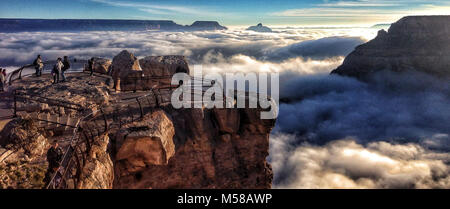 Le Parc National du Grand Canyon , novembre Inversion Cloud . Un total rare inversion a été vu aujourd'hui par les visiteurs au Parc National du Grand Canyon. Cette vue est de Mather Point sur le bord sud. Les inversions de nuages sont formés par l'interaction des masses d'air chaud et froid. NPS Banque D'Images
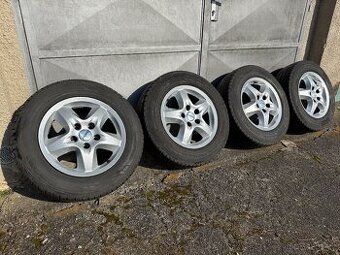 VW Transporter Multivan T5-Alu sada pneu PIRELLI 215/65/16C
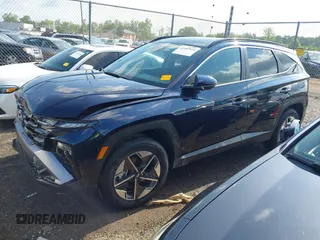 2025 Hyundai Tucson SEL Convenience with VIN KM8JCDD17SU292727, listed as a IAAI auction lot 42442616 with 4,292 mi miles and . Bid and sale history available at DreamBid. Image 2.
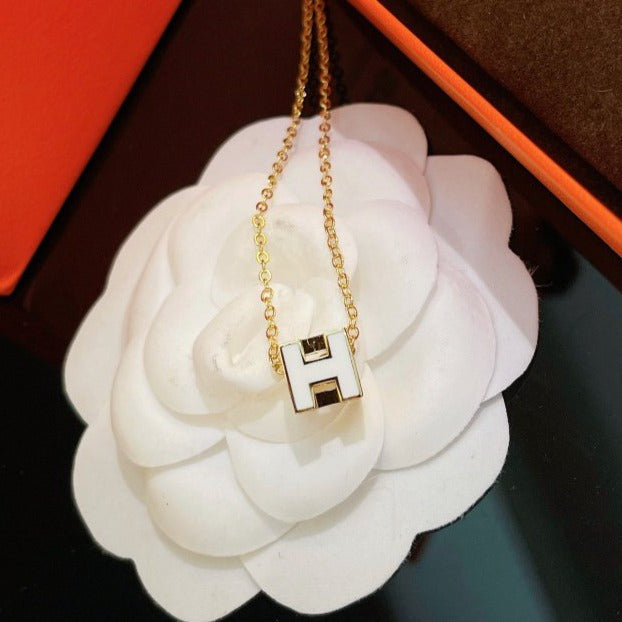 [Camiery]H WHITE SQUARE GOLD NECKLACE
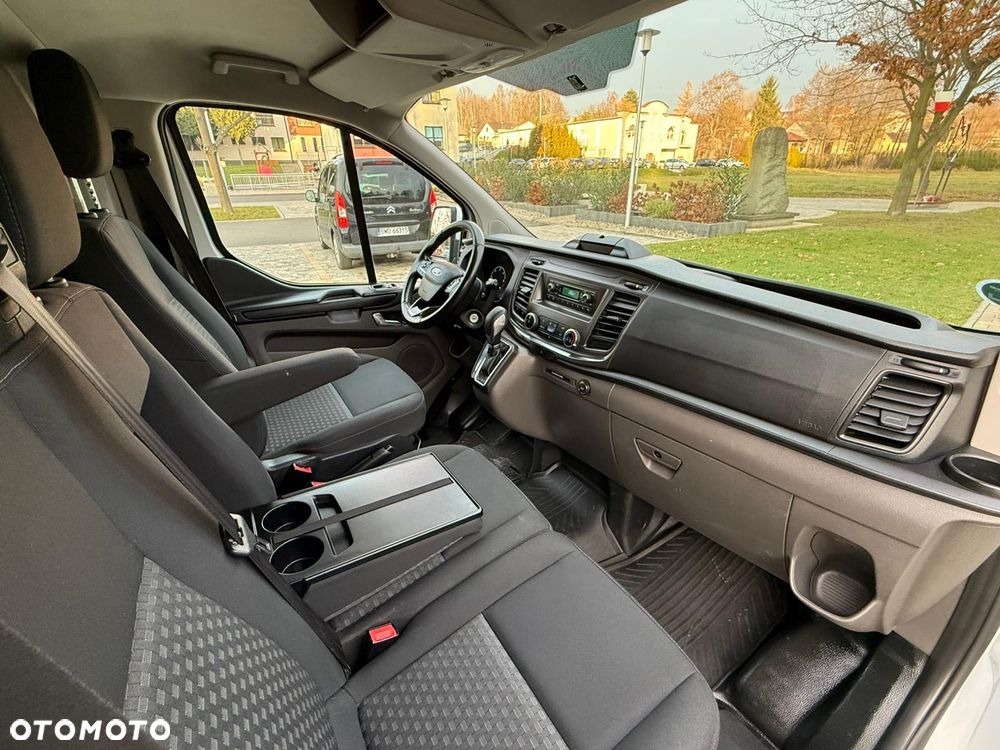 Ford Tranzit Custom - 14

==

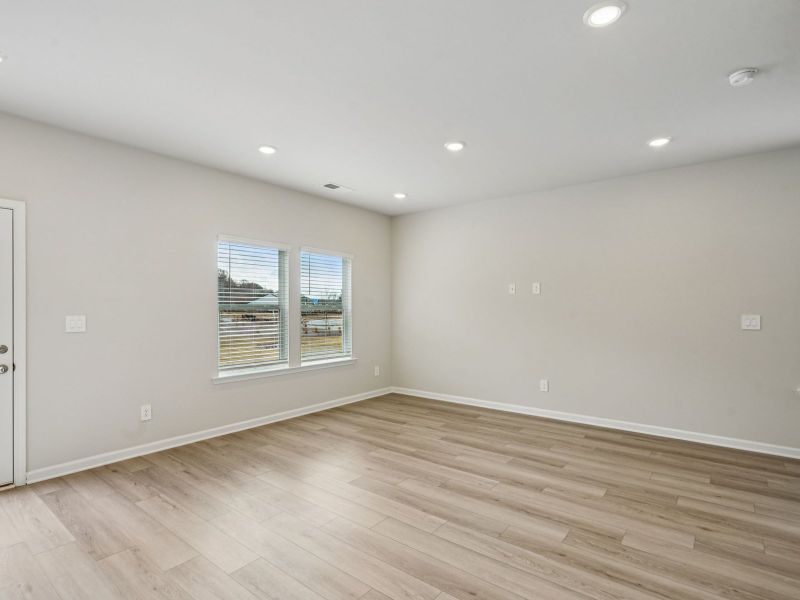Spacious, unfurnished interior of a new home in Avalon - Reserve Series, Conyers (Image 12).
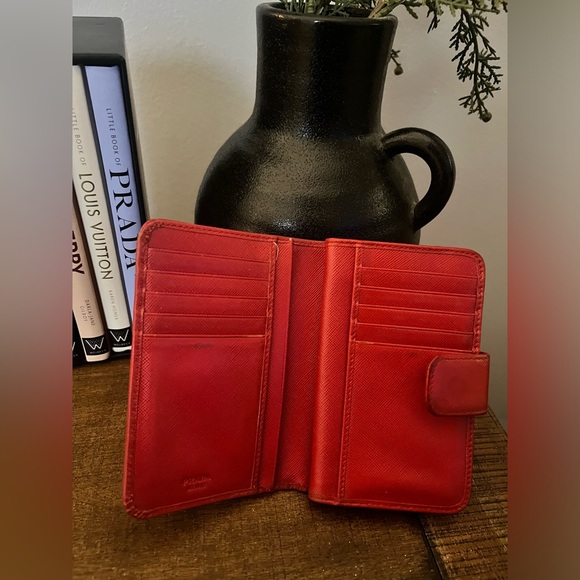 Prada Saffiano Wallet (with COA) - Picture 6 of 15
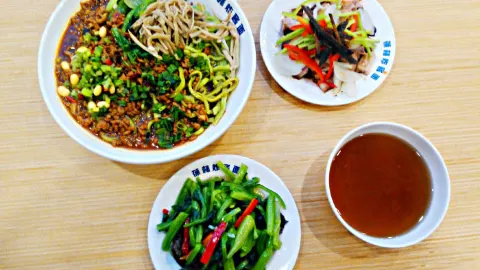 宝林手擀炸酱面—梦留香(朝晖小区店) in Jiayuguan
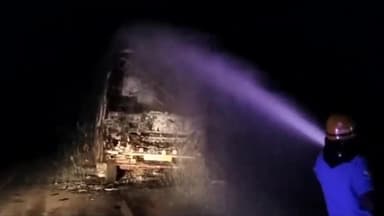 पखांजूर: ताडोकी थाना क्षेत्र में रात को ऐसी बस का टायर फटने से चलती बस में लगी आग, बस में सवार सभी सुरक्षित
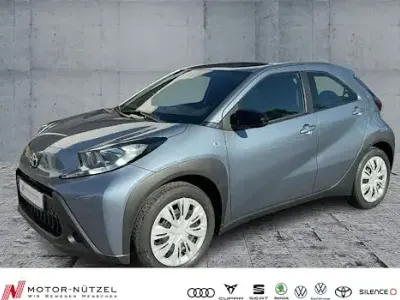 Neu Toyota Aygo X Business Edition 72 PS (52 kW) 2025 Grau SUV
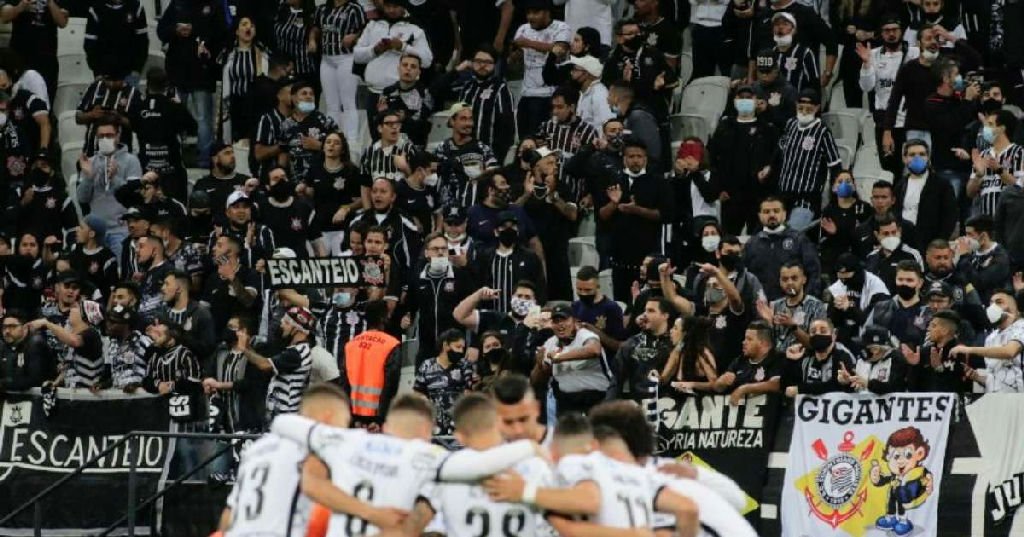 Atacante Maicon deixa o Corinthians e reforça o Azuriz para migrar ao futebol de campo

TASK:
What you write out is the stretch of entries from the line containing "Prada Saffiano Wallet" to the line containing "Atacante Maicon deixa", word for word, with both end lines and no pictures.

WORKED SOLUTION:
 Prada Saffiano Wallet (with COA) - Picture 6 of 15
 宝林手擀炸酱面—梦留香(朝晖小区店) in Jiayuguan
 पखांजूर: ताडोकी थाना क्षेत्र में रात को ऐसी बस का टायर फटने से चलती बस में लगी आग, बस में सवार सभी सुरक्षित
 Neu Toyota Aygo X Business Edition 72 PS (52 kW) 2025 Grau SUV
 Atacante Maicon deixa o Corinthians e reforça o Azuriz para migrar ao futebol de campo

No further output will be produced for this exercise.